I have a vector v
which has a lot of 0s and only a couple of non-zero items (mostly 1s). I have a matrix m
which is square, symmetric and has integer values.
Test script
The following script generates similar data and times the part I'm interested in:
#!/usr/bin/env python
import time
import numpy as np
np.random.seed(0)
n = 20000
m = 20
assert n >= m
# Create the vector
v = [1] * m + [0] * (n - m)
np.random.shuffle(v)
v = np.array(v, np.int8)
# Create the matrix
m = np.random.randint(0, 256, size=(n, n), dtype=np.uint8)
m = (m + m.T) / 2
m = m.astype(np.uint8)
# Multiplication
t0 = time.time()
result = np.dot(v, m)
t1 = time.time()
# Check the results
print("result shape: {}".format(result.shape))

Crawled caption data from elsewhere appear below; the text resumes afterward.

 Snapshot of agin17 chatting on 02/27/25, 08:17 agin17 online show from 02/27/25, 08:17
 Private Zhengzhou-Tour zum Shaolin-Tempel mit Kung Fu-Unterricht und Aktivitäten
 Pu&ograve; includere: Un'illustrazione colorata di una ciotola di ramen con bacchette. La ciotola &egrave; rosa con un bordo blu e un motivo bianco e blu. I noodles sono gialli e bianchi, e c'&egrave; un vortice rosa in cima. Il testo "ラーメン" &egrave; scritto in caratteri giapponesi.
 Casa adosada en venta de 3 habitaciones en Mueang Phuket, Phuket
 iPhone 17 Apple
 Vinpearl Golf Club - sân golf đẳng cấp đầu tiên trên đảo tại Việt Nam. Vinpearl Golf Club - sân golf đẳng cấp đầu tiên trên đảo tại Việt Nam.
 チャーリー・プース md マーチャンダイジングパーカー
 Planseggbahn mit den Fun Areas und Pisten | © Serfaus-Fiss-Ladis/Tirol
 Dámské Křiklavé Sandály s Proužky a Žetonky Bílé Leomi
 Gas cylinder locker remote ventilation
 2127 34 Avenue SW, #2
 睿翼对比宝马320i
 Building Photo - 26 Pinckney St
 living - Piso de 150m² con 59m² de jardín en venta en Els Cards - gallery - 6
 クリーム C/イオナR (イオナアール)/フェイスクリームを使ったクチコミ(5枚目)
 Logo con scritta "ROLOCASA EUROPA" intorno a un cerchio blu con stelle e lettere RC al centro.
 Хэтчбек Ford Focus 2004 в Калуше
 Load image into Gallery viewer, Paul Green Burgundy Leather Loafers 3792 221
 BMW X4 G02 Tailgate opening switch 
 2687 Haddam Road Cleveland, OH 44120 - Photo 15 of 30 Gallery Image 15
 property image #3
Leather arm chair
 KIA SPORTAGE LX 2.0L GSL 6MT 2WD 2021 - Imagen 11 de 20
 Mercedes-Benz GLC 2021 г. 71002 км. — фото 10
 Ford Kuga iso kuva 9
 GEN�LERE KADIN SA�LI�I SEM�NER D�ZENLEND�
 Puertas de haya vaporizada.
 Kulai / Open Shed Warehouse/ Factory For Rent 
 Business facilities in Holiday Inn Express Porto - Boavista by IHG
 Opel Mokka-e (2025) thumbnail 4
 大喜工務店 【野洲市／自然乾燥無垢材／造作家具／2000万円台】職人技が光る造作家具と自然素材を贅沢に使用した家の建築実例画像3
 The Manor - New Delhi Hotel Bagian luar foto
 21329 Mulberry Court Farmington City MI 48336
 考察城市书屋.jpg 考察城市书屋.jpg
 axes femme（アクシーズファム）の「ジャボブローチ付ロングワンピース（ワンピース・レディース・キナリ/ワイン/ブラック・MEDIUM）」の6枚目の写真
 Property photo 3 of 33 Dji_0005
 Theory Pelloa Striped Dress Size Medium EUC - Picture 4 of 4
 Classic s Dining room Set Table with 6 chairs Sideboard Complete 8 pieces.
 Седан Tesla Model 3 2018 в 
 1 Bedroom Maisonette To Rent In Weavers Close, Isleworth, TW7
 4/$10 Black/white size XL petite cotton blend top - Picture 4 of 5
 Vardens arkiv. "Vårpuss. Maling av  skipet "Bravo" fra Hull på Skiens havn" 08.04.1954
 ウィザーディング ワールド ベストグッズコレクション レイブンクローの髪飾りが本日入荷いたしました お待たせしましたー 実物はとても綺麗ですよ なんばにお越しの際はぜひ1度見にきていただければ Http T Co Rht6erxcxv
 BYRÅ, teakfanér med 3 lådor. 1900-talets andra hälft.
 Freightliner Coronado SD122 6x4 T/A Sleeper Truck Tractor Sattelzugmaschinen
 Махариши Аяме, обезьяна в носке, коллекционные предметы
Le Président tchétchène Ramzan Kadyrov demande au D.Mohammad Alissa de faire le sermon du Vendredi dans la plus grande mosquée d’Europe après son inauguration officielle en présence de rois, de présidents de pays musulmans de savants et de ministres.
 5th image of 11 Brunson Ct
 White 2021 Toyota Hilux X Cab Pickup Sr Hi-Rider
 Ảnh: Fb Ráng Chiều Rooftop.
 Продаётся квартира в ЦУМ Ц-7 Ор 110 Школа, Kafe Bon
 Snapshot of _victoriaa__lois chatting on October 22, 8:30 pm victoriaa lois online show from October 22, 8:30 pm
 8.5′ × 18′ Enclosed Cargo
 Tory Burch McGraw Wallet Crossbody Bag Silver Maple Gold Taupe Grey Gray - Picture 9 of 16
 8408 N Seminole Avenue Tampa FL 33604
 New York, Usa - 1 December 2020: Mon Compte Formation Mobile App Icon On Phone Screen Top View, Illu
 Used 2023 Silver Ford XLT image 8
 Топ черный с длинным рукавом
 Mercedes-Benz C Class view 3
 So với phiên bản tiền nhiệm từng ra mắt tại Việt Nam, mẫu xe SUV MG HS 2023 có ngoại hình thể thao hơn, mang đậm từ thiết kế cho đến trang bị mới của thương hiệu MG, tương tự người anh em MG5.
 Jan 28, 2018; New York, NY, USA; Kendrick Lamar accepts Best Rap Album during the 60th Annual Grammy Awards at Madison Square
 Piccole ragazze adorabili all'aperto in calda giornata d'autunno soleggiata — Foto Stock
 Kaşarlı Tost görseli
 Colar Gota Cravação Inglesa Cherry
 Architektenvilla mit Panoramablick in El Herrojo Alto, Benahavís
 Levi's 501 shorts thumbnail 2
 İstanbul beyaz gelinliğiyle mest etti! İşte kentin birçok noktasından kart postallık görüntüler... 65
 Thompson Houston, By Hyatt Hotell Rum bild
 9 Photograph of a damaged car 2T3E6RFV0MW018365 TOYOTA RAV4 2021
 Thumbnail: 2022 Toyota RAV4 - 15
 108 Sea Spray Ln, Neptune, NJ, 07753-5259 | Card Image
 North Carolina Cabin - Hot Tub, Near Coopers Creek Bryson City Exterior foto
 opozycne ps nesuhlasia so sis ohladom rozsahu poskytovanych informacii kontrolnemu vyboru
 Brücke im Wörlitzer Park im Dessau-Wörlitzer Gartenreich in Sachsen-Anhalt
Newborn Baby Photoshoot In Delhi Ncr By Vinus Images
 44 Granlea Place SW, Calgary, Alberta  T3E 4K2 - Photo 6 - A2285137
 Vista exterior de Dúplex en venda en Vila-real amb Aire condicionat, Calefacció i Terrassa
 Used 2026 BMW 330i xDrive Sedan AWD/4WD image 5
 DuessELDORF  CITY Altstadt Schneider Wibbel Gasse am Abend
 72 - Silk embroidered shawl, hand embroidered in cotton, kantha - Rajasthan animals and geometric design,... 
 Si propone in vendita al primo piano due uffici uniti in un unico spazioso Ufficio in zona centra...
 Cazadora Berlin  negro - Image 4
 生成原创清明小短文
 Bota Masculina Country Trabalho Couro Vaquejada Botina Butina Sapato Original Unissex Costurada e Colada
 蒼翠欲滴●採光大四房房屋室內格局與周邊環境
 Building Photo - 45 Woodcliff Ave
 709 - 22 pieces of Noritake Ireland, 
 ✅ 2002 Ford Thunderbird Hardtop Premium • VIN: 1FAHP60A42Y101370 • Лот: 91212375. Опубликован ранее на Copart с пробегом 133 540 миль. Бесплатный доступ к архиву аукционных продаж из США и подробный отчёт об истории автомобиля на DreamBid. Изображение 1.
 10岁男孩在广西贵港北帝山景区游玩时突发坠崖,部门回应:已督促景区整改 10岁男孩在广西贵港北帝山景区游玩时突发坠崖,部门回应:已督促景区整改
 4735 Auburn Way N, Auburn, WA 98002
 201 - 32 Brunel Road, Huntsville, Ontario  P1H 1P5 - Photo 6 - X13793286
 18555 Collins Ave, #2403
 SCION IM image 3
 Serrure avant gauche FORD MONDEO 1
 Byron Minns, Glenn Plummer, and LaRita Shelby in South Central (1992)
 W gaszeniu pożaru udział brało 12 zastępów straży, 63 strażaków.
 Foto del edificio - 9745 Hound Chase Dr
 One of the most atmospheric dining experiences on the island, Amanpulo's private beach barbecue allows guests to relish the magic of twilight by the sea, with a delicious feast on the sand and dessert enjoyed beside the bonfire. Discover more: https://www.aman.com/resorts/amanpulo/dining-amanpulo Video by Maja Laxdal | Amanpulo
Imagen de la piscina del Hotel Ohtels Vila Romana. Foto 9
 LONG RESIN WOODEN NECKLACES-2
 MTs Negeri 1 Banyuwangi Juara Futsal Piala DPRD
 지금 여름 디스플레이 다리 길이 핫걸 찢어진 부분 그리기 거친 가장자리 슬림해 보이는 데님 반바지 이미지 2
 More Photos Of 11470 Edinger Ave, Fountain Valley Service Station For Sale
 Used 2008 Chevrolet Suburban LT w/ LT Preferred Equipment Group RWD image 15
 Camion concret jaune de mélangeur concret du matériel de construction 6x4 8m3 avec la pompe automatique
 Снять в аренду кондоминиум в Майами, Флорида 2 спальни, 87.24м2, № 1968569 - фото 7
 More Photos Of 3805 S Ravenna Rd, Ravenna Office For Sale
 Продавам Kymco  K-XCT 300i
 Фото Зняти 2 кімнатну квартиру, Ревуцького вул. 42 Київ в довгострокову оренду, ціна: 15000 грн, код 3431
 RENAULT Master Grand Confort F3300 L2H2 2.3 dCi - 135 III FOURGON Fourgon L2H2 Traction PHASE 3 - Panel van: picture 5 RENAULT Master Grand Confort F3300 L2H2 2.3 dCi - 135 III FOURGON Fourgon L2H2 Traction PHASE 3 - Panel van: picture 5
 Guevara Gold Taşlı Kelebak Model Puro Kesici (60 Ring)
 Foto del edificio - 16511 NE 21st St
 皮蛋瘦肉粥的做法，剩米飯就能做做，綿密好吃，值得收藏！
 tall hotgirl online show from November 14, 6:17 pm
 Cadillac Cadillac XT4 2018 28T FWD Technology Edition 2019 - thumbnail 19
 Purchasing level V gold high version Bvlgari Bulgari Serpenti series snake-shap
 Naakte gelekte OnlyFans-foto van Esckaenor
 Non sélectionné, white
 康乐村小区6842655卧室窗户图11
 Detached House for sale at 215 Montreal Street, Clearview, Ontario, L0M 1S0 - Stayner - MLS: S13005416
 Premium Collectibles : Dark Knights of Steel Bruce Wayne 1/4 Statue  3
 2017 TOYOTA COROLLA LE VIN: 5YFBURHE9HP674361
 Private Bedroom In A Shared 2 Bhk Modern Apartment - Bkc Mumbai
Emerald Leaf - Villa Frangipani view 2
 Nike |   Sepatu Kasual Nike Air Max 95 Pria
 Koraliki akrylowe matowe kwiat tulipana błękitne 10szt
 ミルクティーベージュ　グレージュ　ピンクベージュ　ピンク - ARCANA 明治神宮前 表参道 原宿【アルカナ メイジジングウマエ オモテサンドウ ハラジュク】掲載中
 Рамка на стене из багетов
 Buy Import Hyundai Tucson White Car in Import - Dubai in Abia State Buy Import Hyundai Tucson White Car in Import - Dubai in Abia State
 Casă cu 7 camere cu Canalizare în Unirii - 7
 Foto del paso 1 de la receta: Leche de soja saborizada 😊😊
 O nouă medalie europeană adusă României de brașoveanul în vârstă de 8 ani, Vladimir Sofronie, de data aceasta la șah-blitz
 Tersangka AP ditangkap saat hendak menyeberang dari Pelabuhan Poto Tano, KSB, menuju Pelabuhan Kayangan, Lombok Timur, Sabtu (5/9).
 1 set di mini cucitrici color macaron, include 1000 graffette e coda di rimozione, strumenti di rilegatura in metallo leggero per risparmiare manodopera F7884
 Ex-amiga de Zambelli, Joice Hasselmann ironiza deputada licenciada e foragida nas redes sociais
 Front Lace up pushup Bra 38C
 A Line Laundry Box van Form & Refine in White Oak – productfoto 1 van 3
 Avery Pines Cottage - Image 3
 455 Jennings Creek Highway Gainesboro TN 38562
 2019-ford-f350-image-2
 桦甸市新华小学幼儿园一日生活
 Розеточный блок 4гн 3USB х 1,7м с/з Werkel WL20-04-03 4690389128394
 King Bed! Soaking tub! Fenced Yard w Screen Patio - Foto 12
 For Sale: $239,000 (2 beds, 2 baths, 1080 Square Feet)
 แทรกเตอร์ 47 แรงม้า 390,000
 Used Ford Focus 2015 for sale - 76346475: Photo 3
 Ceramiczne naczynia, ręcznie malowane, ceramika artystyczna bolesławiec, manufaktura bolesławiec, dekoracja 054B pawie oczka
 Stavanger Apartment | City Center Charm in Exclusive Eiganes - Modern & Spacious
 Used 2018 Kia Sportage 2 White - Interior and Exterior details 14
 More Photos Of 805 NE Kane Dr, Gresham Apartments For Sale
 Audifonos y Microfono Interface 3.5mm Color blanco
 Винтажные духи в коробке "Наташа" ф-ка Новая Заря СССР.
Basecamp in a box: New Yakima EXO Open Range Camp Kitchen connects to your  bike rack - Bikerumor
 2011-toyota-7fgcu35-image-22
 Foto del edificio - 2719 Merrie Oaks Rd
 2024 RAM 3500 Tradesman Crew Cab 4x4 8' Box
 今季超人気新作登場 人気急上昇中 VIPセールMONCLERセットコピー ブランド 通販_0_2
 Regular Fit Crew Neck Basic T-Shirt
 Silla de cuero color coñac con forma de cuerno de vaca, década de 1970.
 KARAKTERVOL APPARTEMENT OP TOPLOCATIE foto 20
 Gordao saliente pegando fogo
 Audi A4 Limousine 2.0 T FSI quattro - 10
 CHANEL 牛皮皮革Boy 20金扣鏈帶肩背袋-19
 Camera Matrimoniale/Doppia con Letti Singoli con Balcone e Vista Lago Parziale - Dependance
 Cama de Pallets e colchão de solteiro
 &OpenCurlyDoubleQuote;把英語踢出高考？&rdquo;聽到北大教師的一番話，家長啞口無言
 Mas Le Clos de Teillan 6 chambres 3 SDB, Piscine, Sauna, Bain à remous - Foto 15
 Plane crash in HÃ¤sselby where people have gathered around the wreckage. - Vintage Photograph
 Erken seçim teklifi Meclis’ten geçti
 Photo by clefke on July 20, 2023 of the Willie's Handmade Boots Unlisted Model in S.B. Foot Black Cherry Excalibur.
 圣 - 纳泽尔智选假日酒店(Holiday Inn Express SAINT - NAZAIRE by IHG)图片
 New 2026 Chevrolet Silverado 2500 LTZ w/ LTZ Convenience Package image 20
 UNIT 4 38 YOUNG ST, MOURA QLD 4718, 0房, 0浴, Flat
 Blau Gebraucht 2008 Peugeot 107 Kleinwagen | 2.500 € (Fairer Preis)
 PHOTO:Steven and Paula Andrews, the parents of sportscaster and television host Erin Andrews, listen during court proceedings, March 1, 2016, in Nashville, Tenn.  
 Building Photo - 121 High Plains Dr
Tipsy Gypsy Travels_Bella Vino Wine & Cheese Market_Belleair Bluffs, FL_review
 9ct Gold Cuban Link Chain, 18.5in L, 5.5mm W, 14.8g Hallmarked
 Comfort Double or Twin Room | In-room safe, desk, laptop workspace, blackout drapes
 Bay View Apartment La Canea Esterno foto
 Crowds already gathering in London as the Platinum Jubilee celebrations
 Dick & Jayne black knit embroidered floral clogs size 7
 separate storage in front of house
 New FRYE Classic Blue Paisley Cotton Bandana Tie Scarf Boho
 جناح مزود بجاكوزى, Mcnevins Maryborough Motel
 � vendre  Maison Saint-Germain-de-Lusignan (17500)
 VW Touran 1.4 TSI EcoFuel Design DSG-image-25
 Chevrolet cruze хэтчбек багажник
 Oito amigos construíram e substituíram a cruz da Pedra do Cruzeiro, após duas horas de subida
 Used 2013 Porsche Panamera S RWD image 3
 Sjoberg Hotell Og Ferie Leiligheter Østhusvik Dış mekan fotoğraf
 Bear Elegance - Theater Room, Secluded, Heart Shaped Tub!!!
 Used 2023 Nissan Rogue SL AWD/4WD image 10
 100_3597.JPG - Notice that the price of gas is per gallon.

print("result[0]: {}".format(result[0])) # should be 1757
print('Time: {:0.2f}s'.format(t1 - t0))
Test results
I checked a couple of variations of the above script:
| Variation | Time |
| ------------------------------------------------- | ------ |
| Original | 21.65s |
| (1) m = m.astype(np.float32) | 0.09s |
| (2) v = v.astype(np.uint8) | 4.87s |
| (3) v = v.astype(np.int16);m = m.astype(np.int16) | 5.77s |
| (4) = (3) + matmul instead of dot | 6.91s |
| (5) = (1) + matmul instead of dot | 0.09s |
Question
Looking at my test results, I have two questions:
- Why is there such a huge difference? Is it type/boundary checks?
- Is there another way to speed it up; e.g. sparse matrices? (I tried to use
v = scipy.sparse.csr_matrix(v)
but I don't get the same result)